DAVALI … VERGİ DAİRESİ
MÜDÜRLÜĞÜNÜN SAVUNMASI : Savunma verilmemiştir.

DANIŞTAY TETKİK HÂKİMİ : …
DÜŞÜNCESİ : Dava konusu tebliğin, ilgili Kanun maddelerinin Hazine ve Maliye Bakanlığı’na verdiği hak ve yetki kapsamında çıkarıldığı, üst hukuk normlarına aykırılık teşkil etmediği, dolayısıyla dava konusu tebliğin ilgili maddelerinde hukuka aykırılık bulunmadığı gerekçesiyle davanın reddi gerektiği düşünülmektedir.

DANIŞTAY SAVCISI : …
DÜŞÜNCESİ : Dava, 13/07/2021 tarih ve 31540 sayılı Resmi Gazete’de yayımlanan 529 Sıra Nolu Vergi Usul Kanunu Genel Tebliği’nin “Diğer hususlar ve cezai yaptırım” başlıklı 8. maddesinin “Bu Tebliğde yapılan düzenlemeler kapsamında bildirilmesi gereken bilgileri bildirmeyen, eksik veya yanıltıcı bildirimde bulunan mükellefler hakkında 213 sayılı Kanun’un ilgili ceza hükümleri tatbik olunur.” şeklindeki 2. fıkrasının iptali ile bu fıkra kapsamında 213 sayılı Kanun’un mükerrer 355. maddesi uyarınca kesilen 2.500 TL özel usulsüzlük cezasının kaldırılması istemiyle açılmıştır.

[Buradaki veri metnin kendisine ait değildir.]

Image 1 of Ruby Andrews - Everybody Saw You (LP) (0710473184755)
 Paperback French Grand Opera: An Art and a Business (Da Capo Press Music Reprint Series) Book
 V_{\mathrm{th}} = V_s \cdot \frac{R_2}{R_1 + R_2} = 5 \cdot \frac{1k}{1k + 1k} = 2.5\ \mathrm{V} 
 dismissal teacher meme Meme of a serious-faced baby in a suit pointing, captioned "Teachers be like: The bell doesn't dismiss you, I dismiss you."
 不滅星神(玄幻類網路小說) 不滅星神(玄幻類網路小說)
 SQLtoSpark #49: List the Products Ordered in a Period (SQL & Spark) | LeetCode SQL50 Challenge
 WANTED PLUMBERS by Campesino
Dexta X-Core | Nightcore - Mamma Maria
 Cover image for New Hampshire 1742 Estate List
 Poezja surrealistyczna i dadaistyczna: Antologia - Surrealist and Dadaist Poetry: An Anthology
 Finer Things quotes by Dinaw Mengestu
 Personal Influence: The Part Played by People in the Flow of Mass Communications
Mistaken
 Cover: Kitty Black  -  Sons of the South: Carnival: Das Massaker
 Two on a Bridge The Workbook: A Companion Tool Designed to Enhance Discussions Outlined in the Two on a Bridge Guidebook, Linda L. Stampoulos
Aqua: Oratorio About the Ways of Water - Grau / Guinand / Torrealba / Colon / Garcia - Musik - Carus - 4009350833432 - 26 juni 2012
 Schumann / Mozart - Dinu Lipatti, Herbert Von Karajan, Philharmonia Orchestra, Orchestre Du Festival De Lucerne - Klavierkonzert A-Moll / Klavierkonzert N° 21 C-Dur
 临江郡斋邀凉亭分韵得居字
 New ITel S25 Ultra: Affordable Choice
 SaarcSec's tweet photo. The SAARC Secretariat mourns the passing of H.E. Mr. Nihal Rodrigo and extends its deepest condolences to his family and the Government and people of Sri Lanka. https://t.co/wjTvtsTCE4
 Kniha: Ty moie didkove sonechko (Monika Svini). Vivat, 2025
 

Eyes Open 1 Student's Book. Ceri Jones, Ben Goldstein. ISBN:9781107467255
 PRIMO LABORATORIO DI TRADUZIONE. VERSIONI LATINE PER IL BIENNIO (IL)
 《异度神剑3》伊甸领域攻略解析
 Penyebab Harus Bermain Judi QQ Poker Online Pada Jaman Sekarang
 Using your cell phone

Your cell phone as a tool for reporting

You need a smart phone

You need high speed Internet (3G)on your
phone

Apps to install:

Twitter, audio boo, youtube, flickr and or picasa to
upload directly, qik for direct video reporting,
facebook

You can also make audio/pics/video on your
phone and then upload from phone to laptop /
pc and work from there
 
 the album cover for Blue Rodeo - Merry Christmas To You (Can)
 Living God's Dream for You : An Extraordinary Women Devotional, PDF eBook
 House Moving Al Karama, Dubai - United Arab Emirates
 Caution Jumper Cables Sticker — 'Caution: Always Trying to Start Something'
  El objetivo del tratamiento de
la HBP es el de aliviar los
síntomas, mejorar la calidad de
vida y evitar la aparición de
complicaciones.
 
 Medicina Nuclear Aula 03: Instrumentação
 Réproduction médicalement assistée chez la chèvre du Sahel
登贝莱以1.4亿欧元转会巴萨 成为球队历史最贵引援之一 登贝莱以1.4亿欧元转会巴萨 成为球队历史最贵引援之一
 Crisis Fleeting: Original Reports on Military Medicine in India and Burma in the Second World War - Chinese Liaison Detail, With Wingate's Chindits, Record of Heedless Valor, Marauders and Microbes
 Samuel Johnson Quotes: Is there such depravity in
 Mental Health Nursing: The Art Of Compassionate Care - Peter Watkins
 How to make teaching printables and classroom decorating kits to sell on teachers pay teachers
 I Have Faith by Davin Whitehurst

Davacı adına, 213 sayılı VUK’un mükerrer 355. maddesi uyarınca, … sayılı ihbarname ile kesilen 2.500 TL özel usulsüzlük cezasının, davalı idare tarafından … tarih ve … sayılı düzeltme fişi ile terkin edildiği görüldüğünden ve davacı tarafından verilen 27/07/2022 tarihli dilekçede hakkında kesilen dava konusu cezasının terkin edildiği bu nedenle açılan davanın bu kısma ilişkin olarak konusuz kaldığı belirtildiğinden konusuz kalan davanın bu kısmına ilişkin olarak karar verilmesine yer bulunmamaktadır.
13/07/2021 tarih ve 31540 sayılı Resmi Gazete’de yayımlanan 529 Sıra Nolu Vergi Usul Kanunu Genel Tebliği’nin 8. maddesinin 2. fıkrasının iptali istemine gelince;
Dava konusu olayda, 529 Sıra Nolu Vergi Usul Kanunu Genel Tebliği’nin 8. maddesinin 2. fıkrası ile bu fıkra kapsamında 213 sayılı Kanun’un mükerrer 355. maddesi uyarınca kesilen özel usulsüzlük cezasının iptali istemiyle dava açılmış fakat yargılama süreci devam ederken, davacı adına kesilen özel usulsüzlük cezasına ilişkin uygulama işleminin, düzeltme fişi ile kaldırıldığı anlaşılmıştır.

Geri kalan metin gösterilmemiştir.